声は抑えながらも、視線はしっかり合わせる。
「それで……先日の件、その後はいかがでした?」
安藤さんは一瞬だけ視線を落とし、眉間に皺を寄せた。
「……教育委員会には相談しました。けど、正直なところ、あまり良い返事はもらえませんでした」
「“あまり良い返事”というのは?」
「盤石な対応は出来ない、とのことです。要は、復学して何かあれば、またフリースクールか転校で対応する――それが今の方針だそうです」
予想していたとはいえ、ため息が出そうになった。
県の教育委員会がこういう姿勢なのは知っていたけれど、現場で直接こう聞くとやはり重い。文科省官僚の遥が言っていた事は全部事実だったのだ。

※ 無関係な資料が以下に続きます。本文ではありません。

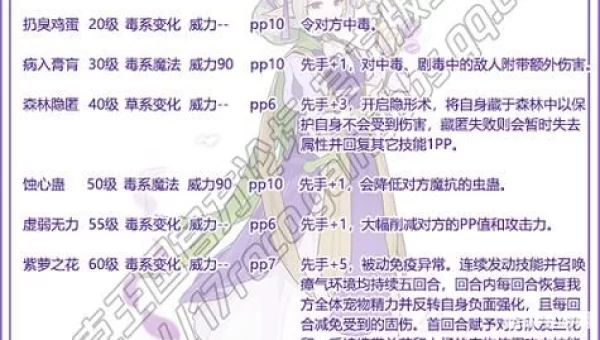 洛克王国挖宝术怎么学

隣で柏木が、そのやりとりを最後まで黙って聞いていた。
そして、ぷつりと切れたように声を上げる。
「……何ですか、それ。本気で言ってるんですか?」
その声は、普段の柏木からは想像できないくらい硬かった。
「イジメられた子が学校に戻りたいって言ってるのに、“また何かあったら逃げてください”って……そんなの、守る気がないってことじゃないですか」
私は視線を横にやって、柏木の表情を確かめた。真っ直ぐな怒りだ。
その感情は分かる。けれど現実は、理不尽と妥協で出来ている。
「……現場の先生たちも、守りたくても守れない事情があるんだよ」
そう口にした私の声は、思った以上に低く、苦い響きになっていた。
机の方では、一之石が静かに栞の算数の質問に答えている。
その横顔を、柏木も安藤さんも、それから波多野も白石も、皆が黙って見ていた。それは大きなバランスが崩れる寸前の静けさに過ぎないように私には思えていた。